Europe’s debt crisis is clouding the economic outlook for 2012, with the Bundesbank cutting its German growth forecast last month to 0.6 percent from 1.8 percent.

“We hear industry sources saying December was a positive month due to the weather,” said Cahill. “Still, companies are very careful to not create a false sense of optimism.”

Holcim’s Swiss factories had been running well in the first part of December, before the weather turned colder, according to spokesman Markus Gerber. The plunge in temperatures from mid-December then led to a pull-back in construction activity to regular seasonal levels, he said.

Swiss cement shipments rose 2.9 percent in 2011, according to figures released today by cemsuisse.

HeidelbergCement is behind schedule with plans to cut borrowings inflated by the $18 billion acquisition of Hanson in 2007. It’s now closely looking at disposals in a bid to regain an investment grade credit rating.

Lafarge, based in Paris, is facing similar challenges. Efforts to reduce debt failed to stop its credit rating being moved to junk last year.

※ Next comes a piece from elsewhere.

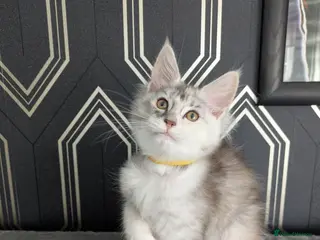 Maine Coon cats 2 beautiful girls Full pedigree Maine coon kittens - Advert 11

Lafarge sold or agreed to sell more than 2 billion euros of assets in 2011 and aims to reduce costs by 500 million euros, mainly this year.

2012 Forecasts

Cahill said quantifying the effect of better weather on fourth-quarter results is almost impossible and lower energy prices and weaker year-earlier figures will be bigger factors.

The benefit may grow if weather forecasters have got the outlook right.

Warmer-than-usual temperatures throughout Europe should last through the 2011-12 winter, potentially making this year’s season Europe’s mildest in four years, Weather Services International of Andover, Massachusetts, said on Dec. 19.

In the U.K., 2011 was the second-warmest year on record, the Met Office, Britain’s state forecaster, said Dec. 30. After “fairly widespread mild temperatures” in December, temperatures will “often be around average or slightly above” through Jan. 20, it added.

“The worst thing for the industry is snow either in early December, or in the first two weeks on January,” Peter Tom, chief executive of Breedon Aggregates Ltd. of the U.K., said in a telephone interview. “This year, it looks like we’ll be fortunate. The weather is reasonably mild, and it looks like it’ll remain mild this week and next, and that’s important.”